Experimental cooking can be a source of deep joy--or agony--depending on how it turns out. The perfect meal shared with a good companion puts me in a deliciously good mood. But unhealthy, un-tasty, untimely meals put me in a frump. This is my quest for good foods and good moods.
Tuesday, June 06, 2006
If at first you don't succeed...
Thai, Thai again.
(Joe came up with the headline for my second food column for the Kentucky New Era)
I love the flavors of Thailand: tangy, hot and sweet, mingled with pungent spices and perfumed with coriander and mint. Thai cuisine transports me to the delicious chaos of the famous floating markets near Bangkok, where I once vacationed. Sadly, I’ve never been able to master Thai cooking. So it was a special treat when my husband, Joe, enrolled us in a 4-hour crash course at the Viking Range Cooking School in Franklin, Tenn. My hopes were high and my stomach hungry as we walked into the sterile, state-of-the-art teaching kitchen. Inside, Joe and I met 10 other students, mostly smartly dressed women who seemed to be Viking veterans -- and extremely handy in the kitchen.
Our instructor, Cindy, split us into teams of three. The only other male in the class, John, was put in our group.

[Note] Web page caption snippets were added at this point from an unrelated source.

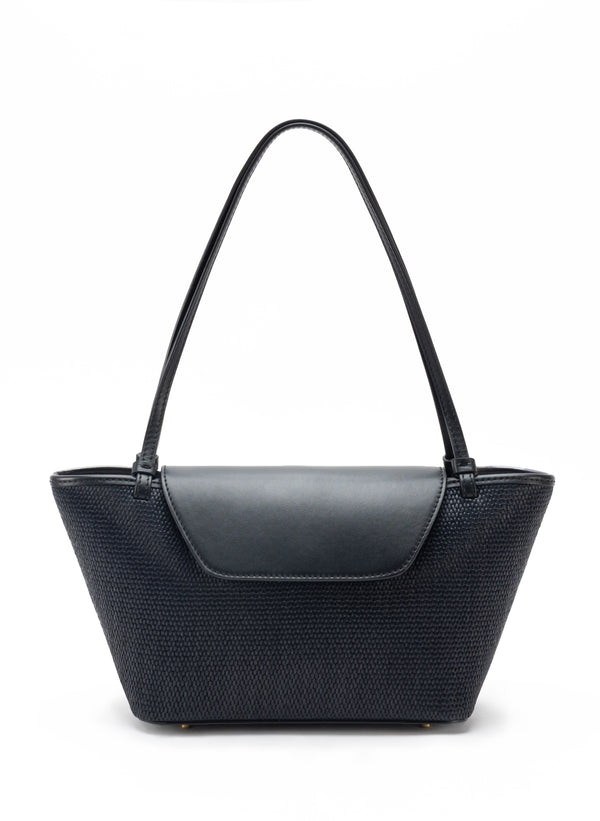 elleme Courrier Tote Raffia/Leather Black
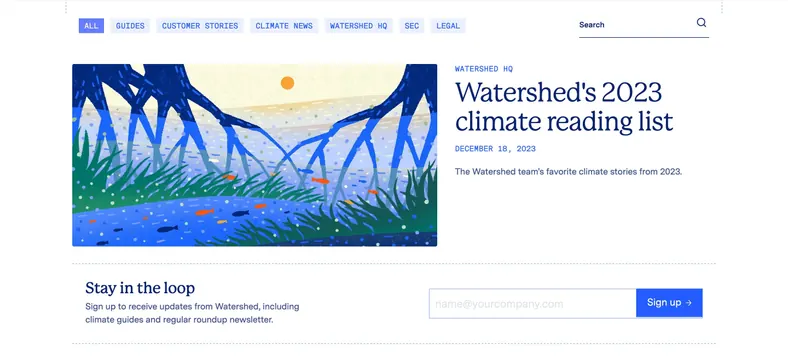 Watershed Blog Page Section Blog Header, minimal, editorial, light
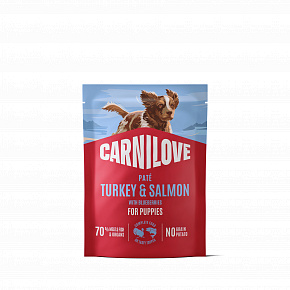 Carnilove Dog Pouch Pasztet z Indyka i Łososia z Jagodami dla Szczeniąt 300 g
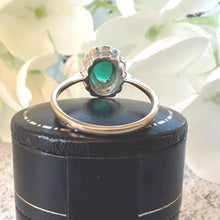 Load image into Gallery viewer, Antique Victorian 9ct Gold Emerald Green &amp; White Paste Diamond Cluster Ring
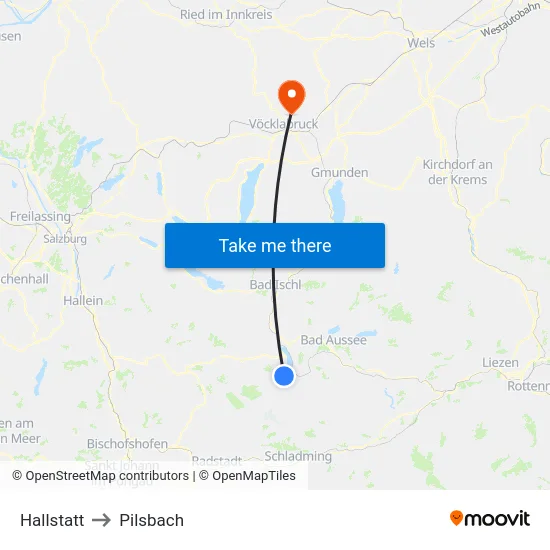 Hallstatt to Pilsbach map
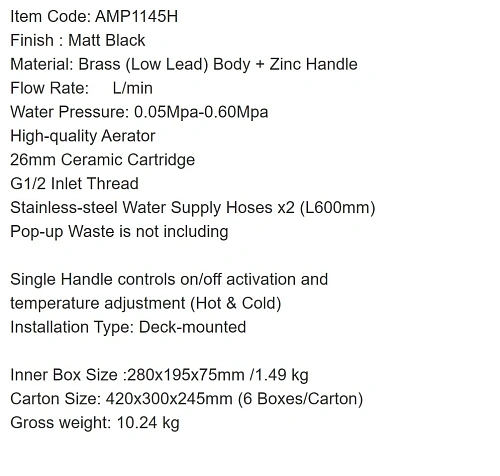 Смеситель для раковины ARROW AMP1145H черный Смеситель для раковины ARROW AMP1145H черный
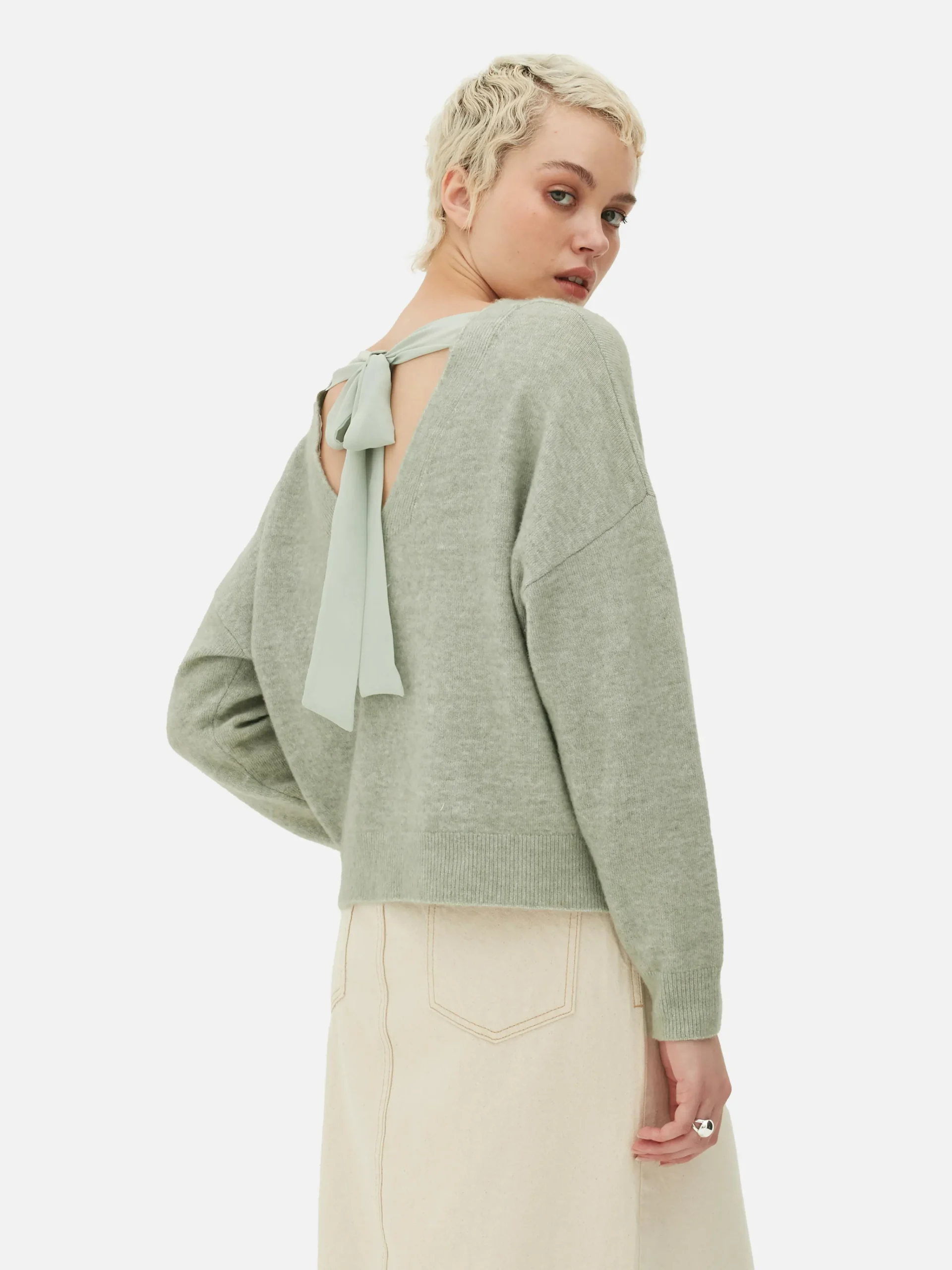 MULHER Primark Camisolas E Casacos De Malha^Camisola Malha Laço Costas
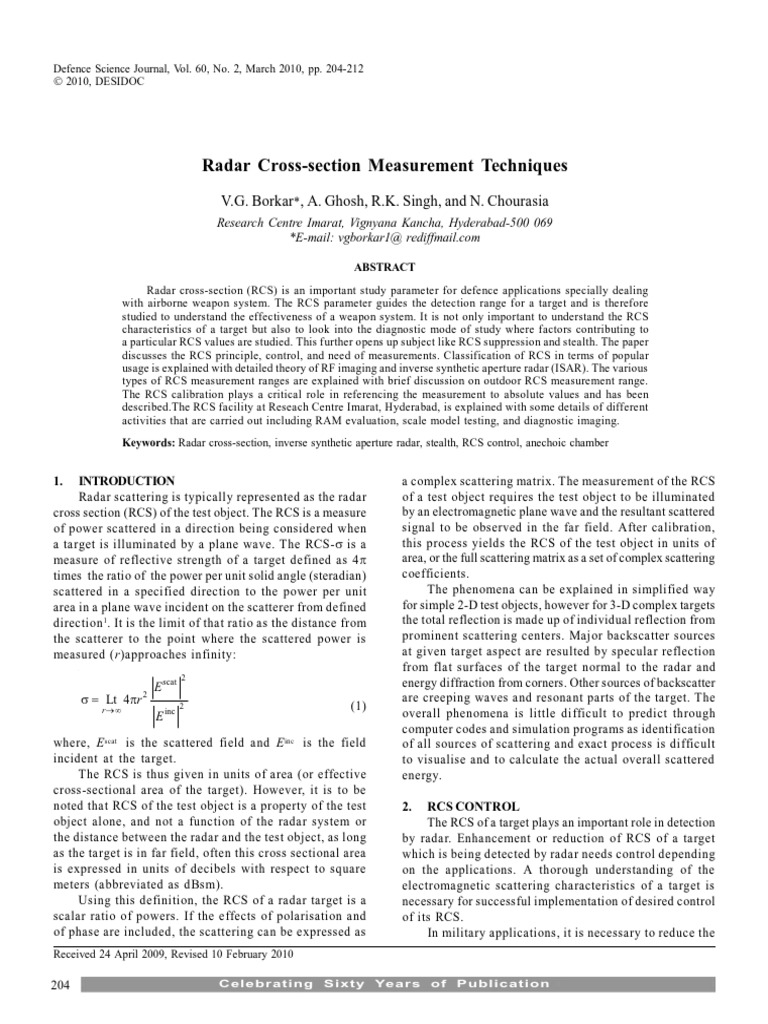 Radar CrossSection Measurement Techniques PDF PDF Radar Antenna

Whatever edge we may have had from my Thailand travels quickly faded when we began constructing a three-course meal after skimming through 12 pages of recipes. The menu: Thai beef Salad with Lettuce Cups and Sticky Rice, Tom Kha Gai (Coconut lemongrass soup with chicken) and Pad Thai with Shrimp (the peanuty noodle dish that commonly introduces Americans to Thai food.)
Our classmates wasted no time. I watched them rhythmically rock their knives over piles of cilantro, onions and peanuts until each ingredient was reduced to a neat mound. I hoped no one was watching me. I chopped my ingredients awkwardly, occasionally depositing a piece of onion on the floor or shooting a bit of peanut across the counter.
My classmates were also quick to discuss how each ingredient would affect their dish. They measured and whisked a splash of vinegar with a dash of fish sauce and tasted it before adding a pinch of minced garlic.
Our trio, on the other hand, took about 10 seconds to decide we would embrace each ingredient equally. Chili, onion, garlic, vinegar, fish sauce and oil were all sloshed together at once.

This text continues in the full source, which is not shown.